The parking brake on my '91 Chevy S-10 Blazer doesn't seem to work anymore. I often do business in a very hilly part of the city, and even though I always put the transmission in Park, I'd feel more secure if I felt the parking brake worked, too. It seems like this problem has gotten progressively worse over the past two years. Could the act of making it super tight when I park on hills affect the parking brake? Is it possible for the parking brake cable to stretch? If I need a new one, can I install it myself?
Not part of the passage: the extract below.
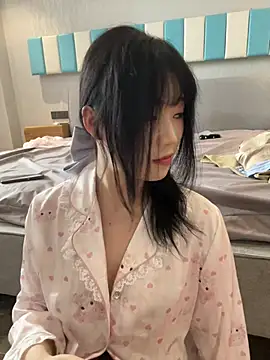 Youyouaini - 玩弄乳头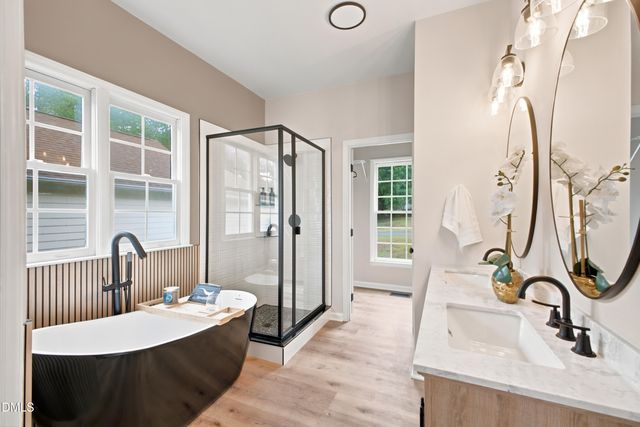 8825 Deerland Grove Drive, Raleigh, NC 27615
Wear in either the parking brake cables or the rear brake shoes can affect performance. Ideally, the self-adjusters are supposed to compensate for worn brake shoes, but sometimes the adjusters malfunction. You didn't mention the condition of the rear brakes or when they were last serviced. The first thing we would do is pull a rear brake drum and inspect the brake linings. If you don't want to do this, many brake and muffler shops offer free brake inspections. If the shoes are worn, replacing them should significantly improve both overall braking and the effectiveness of the parking brake. If you're not sure about the functioning of the self-adjusting feature, back up 10 or 12 times and brake suddenly. That motion is supposed to ratchet the adjusters. When you're inspecting the brake linings, take a look at the adjusters. Check for any obstructions or excessive rust. You shouldn't need to replace the parking brake cables unless they are severely stretched or frayed. The parking brake cables can be adjusted by tightening the adjustment nut on the threaded rod at the forward end of the cables. The nut and threads may be rusty and in need of some penetrant to loosen them. Don't overtighten the parking brake cables. An overly tight cable can cause the brake shoes to drag. When the parking brake is properly adjusted, the parking brake pedal should be about half way through its travel when the pedal is depressed.